Italy’s AGCM Proposes Increased Public-Private Integration, Scrapping Laws that Prohibit Competition Among Biosimilars, Generics

Date: March 26, 2021 | Country: ITALY | Region: EUROPE | Type: Policy | Keywords: #agcm #aifa #biosimilar #classcdrugs #competition #galenicdrugs 
#generic #pricenegotiation #pricingandreimbursement #regulation #tender #wholesale

PRICENTRIC BRIEF:

  • President Roberto Rutischelli of the Italian Competition Authority (AGCM) has sent to Prime Minister Mario Draghi “Proposals for Competitive Reform,” which seeks to boost competition specifically in Italy’s pharmaceutical and healthcare sectors
  • The healthcare sector requires increased competition, should allow for second- and third-party players, and provide patients more choice when it comes to doctors—which could be achieved through public-private integration that leads to more satisfied patients without cutting healthcare spending
  • When it comes to drugs, Rutischelli said that intervention is needed to prioritize comparability between biologic drugs with the same therapeutic indications during tendering; allow on-demand negotiations for Class C “non-negotiated” drugs; remodel wholesaler policy with flexible quantitative thresholds to guarantee availability; remove restrictions on registration procedures for equivalent medicines ahead of patent expiry; and encourage the production of galenic drugs

 

THE DETAILS

ROME, Italy – President Roberto Rutischelli of the Italian Competition Authority (AGCM) has sent to Prime Minister Mario Draghi “Proposals for Competitive Reform,” which seeks to boost competition specifically in Italy’s pharmaceutical and healthcare sectors.

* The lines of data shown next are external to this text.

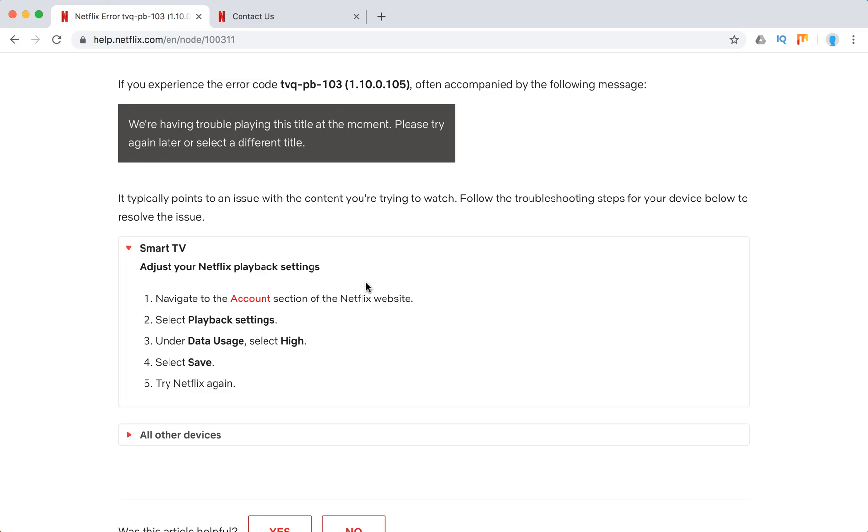Go to Account, select Playback Settings, under Data Usage select High, select Save, and try Netflix again.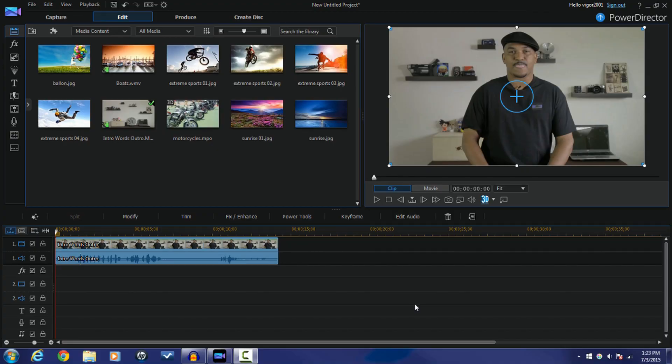Here we are in CyberLink Power Director 13 Ultimate. There are two different ways to change the pitch. If you have the Director Suite or you purchased Audio Director separately, I'm going to show you how to change the pitch that way. If you do not have Audio Director and you do not have the Director Suite, then I'm going to show you how to do it with a separate program called Audacity.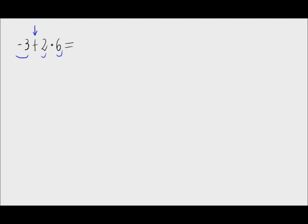So for operations, we have this addition and this multiplication. What do we do first?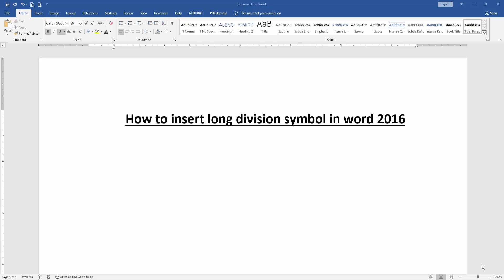Assalamualaikum. Hello friends, how are you? Welcome back to another video. In this video I am going to show you how to insert long division symbol in Microsoft Word 2016. Let's get started.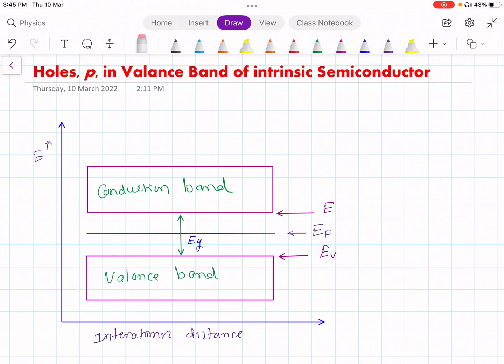In this lecture we are going to find holes in the valence band of the intrinsic semiconductor. What you are seeing in this diagram is the band structure of the semiconductor. In the semiconductor there is a valence band and conduction band, and the energy gap between these two bands is denoted by EG. The Fermi energy level EF lies exactly in the middle of the energy gap, between the valence and conduction bands.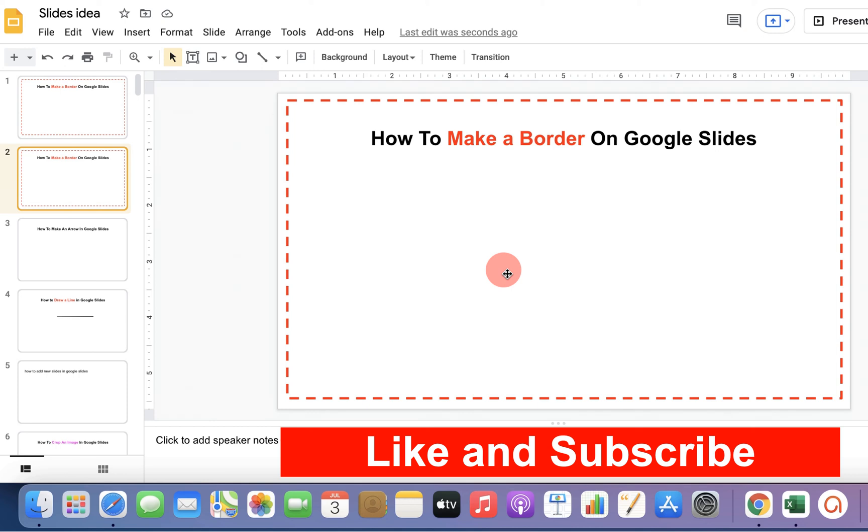Now, check out these useful videos shown on screen to know more about Google Slides quickly. Comment below and let me know if this video solved your problem. See you again in the next video.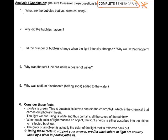Finally, number six — consider these facts: Elodea is green because it contains chlorophyll. The light we're using is white and contains all the colors of the rainbow. When light reaches an object, the light energy is either absorbed into or reflected back out of the object, and the color of an object is the color of light being reflected back out. So the plant looks green because it's reflecting green light — all other colors like red, yellow, orange, blue, indigo, and violet are actually being absorbed. Using these facts, predict what colors of light you think are used by a plant in photosynthesis and explain why you think that.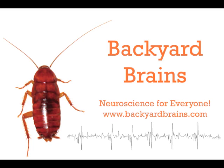Backyard Brains presents a new experiment: how to stimulate nervous and muscle system tissue easily.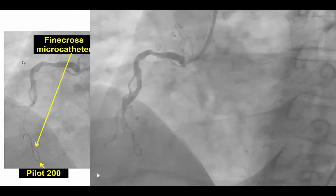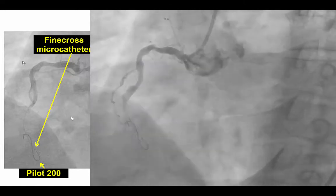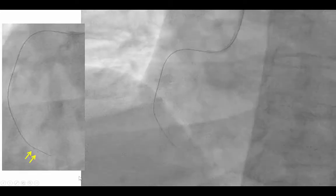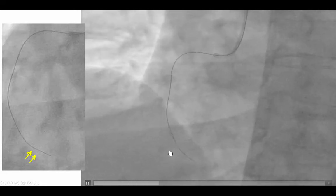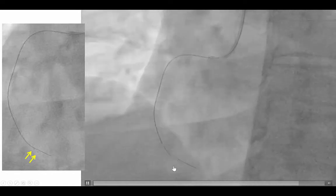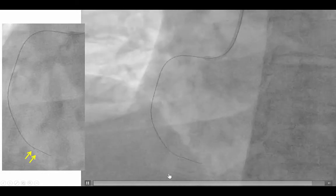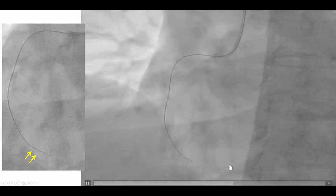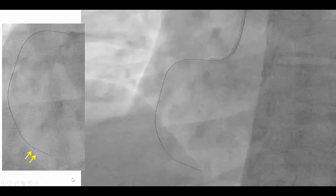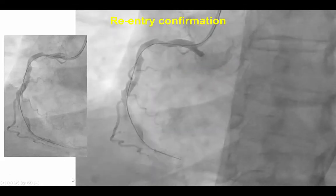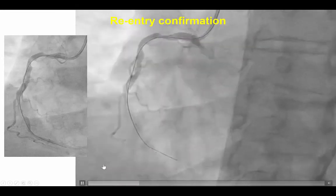We used a Pilot 200 guide wire through a Finecross microcatheter to advance in the subintimal space distal to the area of dissection. We then used the Stingray balloon, which was delivered easily because of the lack of calcification, into the distal right coronary artery. We can see the Stingray wire exiting proximal to the proximal marker of the Stingray balloon and re-entering into the distal vessel. Re-entry was very easy because this vessel was not occluded and was of large caliber. The next step was confirmation that we were in the distal true lumen, and indeed the wire was in the distal right coronary artery.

According to Rutischelli, there is an immense need “…for the adoption of measures that guarantee greater openness to access by private facilities to exercise health activities not affiliated with the national health service (SSN) and a more intense integration between public and private,” that “can, in fact, make it possible to better satisfy the growing demand for assistance and protection of citizens, without cuts in healthcare spending.”

The healthcare sector requires increased competition, should allow for second- and third-party players, and provide patients more choice when it comes to doctors. A public-private integration could help this proposal manifest, thereby leading to more satisfied patients without cuts in healthcare spending.

While Rutischelli details ways in which to accomplish the above proposal, he simultaneously highlights the need for reforms regarding drugs. Intervention is needed to prioritize comparability between biologic drugs with the same therapeutic indications during tendering; allow on-demand negotiations for Class C “non-negotiated” drugs; remodel wholesaler policy with flexible quantitative thresholds to guarantee availability; remove restrictions on registration procedures for equivalent medicines ahead of patent expiry; and encourage the production of galenic drugs.

To achieve these goals, Italy must:

  • Group together different active ingredients in the same batch, regardless of their differing therapeutic indications, if the Italian Medicines Agency (AIFA) has determined them to be equivalent from a therapeutic point of view
  • Strengthen the SSN’s negotiating position and encourage pharmaceutical companies to start and end negotiation quickly, and with a positive outcome, while guaranteeing the therapeutic continuity of patients
  • Ensure wholesalers provide the demand expressed by Italy’s regions so the right amount of medicines is guaranteed to be available
  • Repeal Italy’s law that makes the reimbursement of equivalent drugs contingent on the patent expiry of the reference medicine
  • Eliminate the requirement for makers of galenic preparations to autonomously produce the active ingredient necessary for the preparation when the ingredient is covered by a patent.